The Sydney Morning Herald reports on 7-Eleven workers allegedly being rorted, yesterday:
7-Eleven has been sprung short-changing workers potentially millions of dollars in back pay by changing the way compensation payouts are being calculated.
Josh Bornstein, principal of Maurice Blackburn Lawyers, which handled 7-Eleven workers’ cases, tweets a link to the story, yesterday:
You wouldn’t credit this but #7Eleven have been underpaying outstanding backpay to its workers.
The Australian’s Hedley Thomas reporting on Maurice Blackburn’s handling of Black Saturday bushfire claims, April 9:
Top partners in a leading law firm have pocketed record dividends totalling more than $16 million in one year arising from huge settlements in class actions for the 2009 Black Saturday bushfires in Victoria — but the victims are yet to receive anything. Several thousand survivors of the fires who signed up with law firm Maurice Blackburn are still waiting for compensation, with many in severe financial distress before, and since, a huge financial settlement in 2014 and a second one last year were entrusted to the firm to administer.
Bornstein again on Twitter complaining about 7-Eleven, August 24:
Need reforms to make franchise liable for underpayment of franchisees.
By the way, who were those top partners? More from The Australian, April 9:
The dividend sums pocketed by the partners who held the more lucrative ordinary shares in the firm in the last financial year — Mr Walsh, Josh Bornstein, Kathryn Booth, John Voyage (since resigned), Rod Hodgson, John Salanitri, Bennett Slade, Liberty Sanger, Mr Watson and Peter Koutsoukis — are not disclosed in the financial accounts.
Julian Burnside QC, quoted on Bornstein’s page on the Maurice Blackburn website:
When the forces of darkness are on your back, you want Josh at your side.
Jessica Irvine makes the case for a strong skilled migration program, The Age, Monday:
The bottom line is clear: the total benefits of Australia’s migration intake to the economy exceed the costs … Of course, assumptions matter.
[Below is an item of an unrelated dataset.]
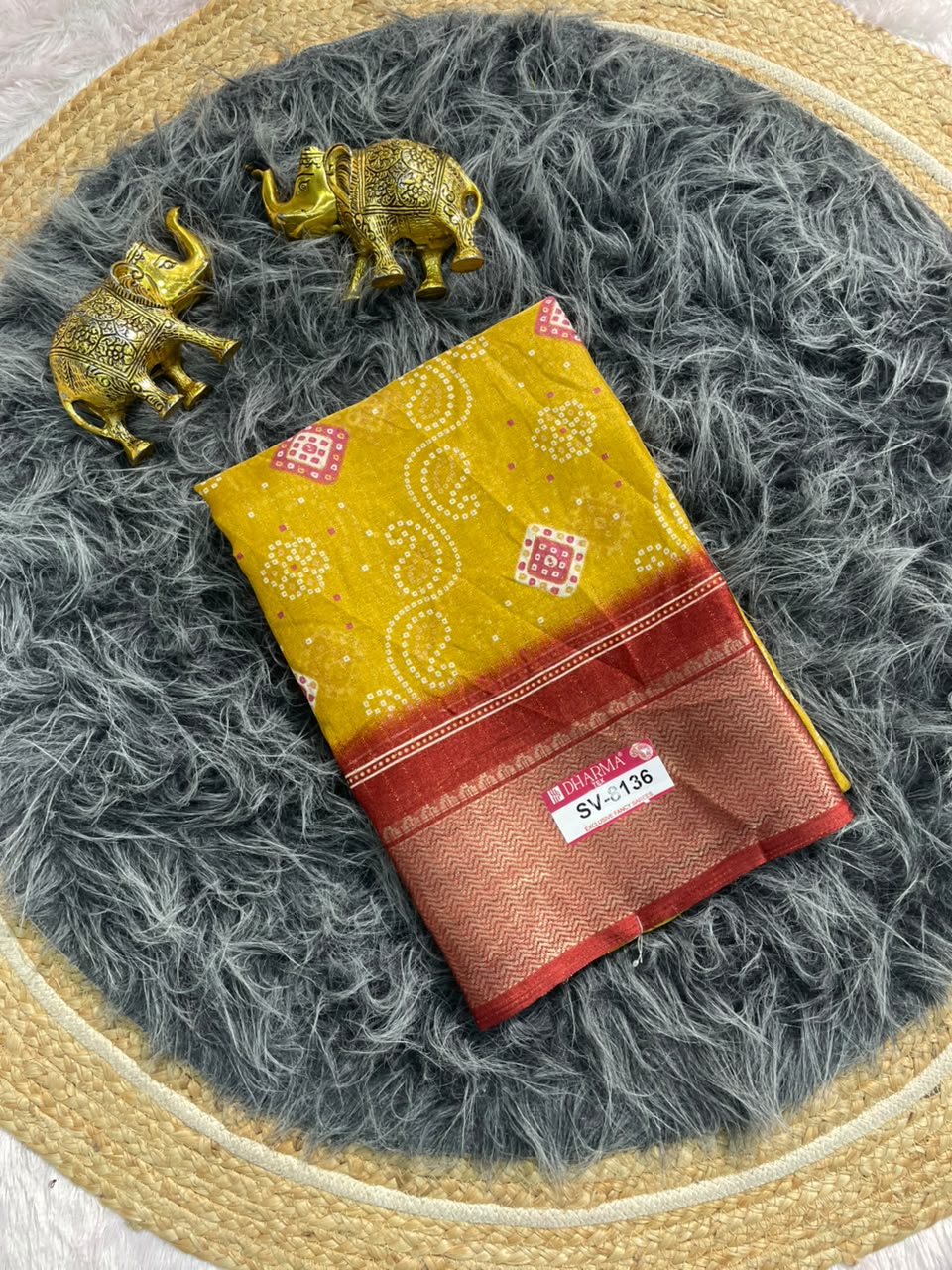 SV-8136 DOLA RIKO FABRIC SAREE WITH RICH PALLU DESIGN WITH BEAUTIFUL PRINT ALL OVER ON SAREE WITH JACUARD BORDER WITH BLOUSE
To get these economic benefits, Australia must continue to run a program that targets young and skilled migrants.
Ah, that’s all too hard. Let’s just open up the borders. The senior economics writer continues, yesterday:
To live in the most sparsely populated continent on earth and declare ourselves full is mean-spirited, defeatist behaviour of the highest order … Any challenges that arise through competition for low-skilled jobs and increased urban congestion pale in comparison to the danger of embracing an anti-immigration … and fearful national culture. If you truly love Australia, keep our borders free.
Nikolai Tolstoy, chancellor of the International Monarchist League, writing in The New York Times that the US should consider returning to a crown, Sunday:
Indeed, the modern history of Europe has shown that those countries fortunate enough to enjoy a king or queen as head of state tend to be more stable and better governed than most of the Continent’s republican states. By the same token, demagogic dictators have proved unremittingly hostile to monarchy because the institution represents a dangerously venerated alternative to their ambitions … (Americans), there is an alternative.